Every day we effortlessly make countless grasping movements. We take a key in our hand, open the front door by operating the door handle, then pull it closed from the outside and lock it with the key. What is a natural matter for us is based on a complex interaction of our eyes, different regions of the brain and ultimately our muscles in the arm and hand. Neuroscientists at the German Primate Center (DPZ) - Leibniz Institute for Primate Research in Göttingen have succeeded for the first time in developing a model that can seamlessly represent the entire planning of movement from seeing an object to grasping it. Comprehensive neural and motor data from grasping experiments with two rhesus monkeys provided decisive results for the development of the model, which is an artificial neural network that, by feeding it with images showing certain objects, is able to simulate processes and interactions in the brain for the processing of this information. The neuronal data from the artificial network model were able to explain the complex biological data from the animal experiments and thus prove the validity of the functional model. This could be used in the long term for the development of better neuroprostheses, for example, to bridge the damaged nerve connection between brain and extremities in paraplegia and thus restore the transmission of movement commands from the brain to arms and legs (PNAS).
Rhesus monkeys, like humans, have a highly developed nervous and visual system as well as dexterous hand motor control. For this reason, they are particularly well suited for research into grasping movements. From previous studies in rhesus monkeys it is known that the interaction of three brain areas is responsible for grasping a targeted object. Until now, however, there has been no detailed model at the neural level to represent the entire process from the processing of visual information to the control of arm and hand muscles for grasping that object.
In order to develop such a model, two male rhesus monkeys were trained to grasp 42 objects of different shapes and sizes, presented to them in random order. The monkeys wore a data glove that continuously recorded the movements of arm, hand and fingers. The experiment was performed by first briefly illuminating the object to be grasped while the monkeys looked at a red dot below the respective object and performed the grasping movement with a short delay after a blinking signal. These conditions provide information about the time at which the different brain areas are active in order to generate the grasping movement and the associated muscle activations based on the visual signals.

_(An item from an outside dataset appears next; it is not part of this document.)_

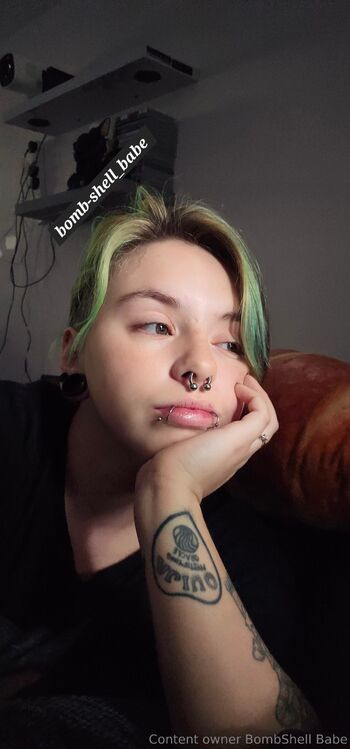 BombShell Bab / bomb-shell_babe nude photo #11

In the next step, images of the 42 objects, taken from the perspective of the monkeys, were fed into an artificial neural network in the computer, whose functionality was mimicking the biological processes in the brain. The network model consisted of three interconnected stages, corresponding to the three cortical brain areas of the monkeys, and provided meaningful insights into the dynamics of the brain networks. After appropriate training with the behavioral data of the monkeys, the network was able to precisely reflect the grasping movements of the rhesus monkeys. It was able to process images of recognizable objects and could reproduce the muscle dynamics required to grasp the objects accurately.
The results obtained using the artificial network model were then compared with the biological data from the monkey experiment. It turned out that the neural dynamics of the model were highly consistent with the neural dynamics of the cortical brain areas of the monkeys. "This artificial model describes for the first time in a biologically realistic way the neuronal processing from seeing an object for object recognition, to action planning and hand muscle control during grasping", says Hansjörg Scherberger, head of the Neurobiology Laboratory at the DPZ, and he adds: "This model contributes to a better understanding of the neuronal processes in the brain and in the long term could be useful for the development of more efficient neuroprostheses."